A South Carolina jury found Tammy Moorer guilty of kidnapping and conspiracy in the disappearance of 20-year-old Heather Elvis. Prosecutors said she and her husband Sidney Moorer were responsible for the victim’s disappearance in December 2013. A body was never found. After the verdict was announced, Moorer was sentenced to 30 years in prison.
“This is a story about jealousy and deceit,” Horry County Assistant Solicitor Nancy Livesay said in her closing argument Monday.
She compared Moorer to the evil queen from the story of Snow White. Tammy became livid on finding out her husband had an affair with Heather, and wouldn’t let the grudge go even when the 20-year-old agreed to back off, argued Livesay.
The prosecutor painted Sidney Moorer, whose kidnapping case ended in a deadlocked jury, as Tammy’s partner in crime. The couple hounded the victim in attempting to find her before the disappearance, the prosecutor claimed.

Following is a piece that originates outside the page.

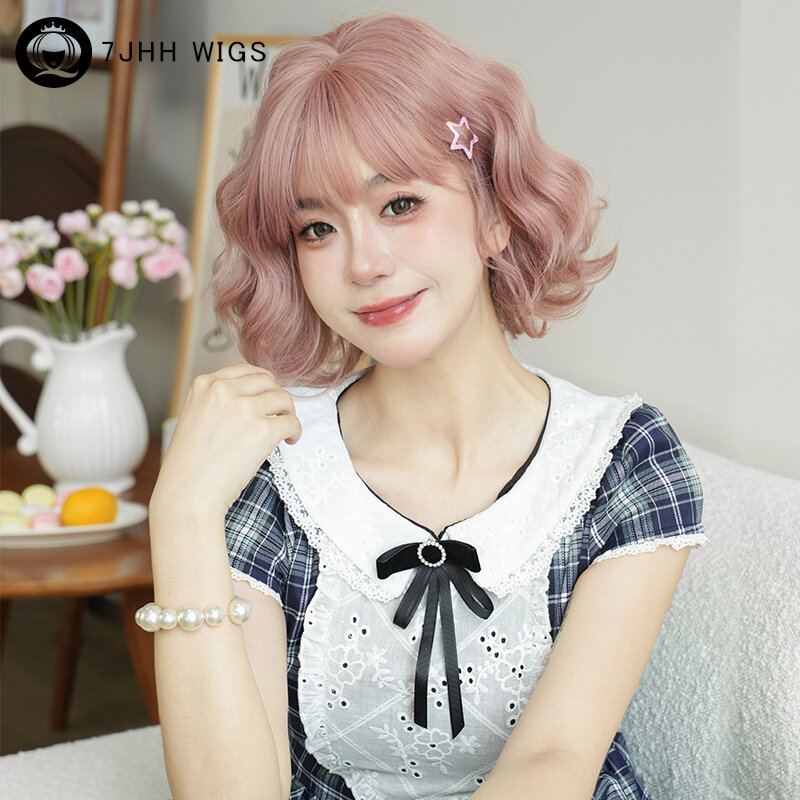 7JHH WIGS Lolita Wig Synthetic Short Wavy Pink Bob Wig for Sweet Girl High Density Loose Costume Wigs with Fluffy Bangs Glueless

“One will not do without the other,” she said. Tammy had the motive, Sidney had the means to lure Elvis out.
They purchased a pregnancy test at a Walmart, and then the husband called Heather from a payphone, argued Livesay. Cell tower evidence put them in the same area as the victim in the period before the disappearance, and evidence showed that Tammy suggested that Elvis was in hiding.
Moorer testified that the pregnancy test was for her, but Livesay said evidence showed that the defendant was furious at her husband, and made references to smoking and drinking. This wasn’t a woman trying to pregnant, she said.
Livesay also used Moorer’s contentious testimony against the defense. Tammy on Monday and Friday cast herself as the victim of overzealous authorities, called her by her first name, made direct addresses to the jury, and took digs at the prosecutor.
“When I became a reborn Christian, I became a completely different person than I am now,” she told Livesay on Friday. “I could sit here, and wonder how many married men you’ve slept with, but I’m not going to judge you on that, because that doesn’t mean you killed somebody. It doesn’t mean you’ve kidnapped somebody.”
Livesay said that was fine, but posed this question to the jury: If that’s how the defendant treated a grown woman, then how would she treat Heather, a 20-year-old making the transition to adulthood?
Defense lawyer Casey Brown, in turn, used the prosecutor’s fairy tale analogy against her.
“The case is a joke,” he said. “They don’t have a case. They don’t have one piece of evidence.”
He said the state only had a theory of what happened, and that prosecutors couldn’t even find a crime scene. Investigators also failed to prove that Heather was pregnant, he said.
The next step is presumably Sidney Moorer’s retrial. However that goes, his wife has made clear their relationship is over.
“And I hate him a lot now because he didn’t stand up for himself and testify at his last trial,” she said.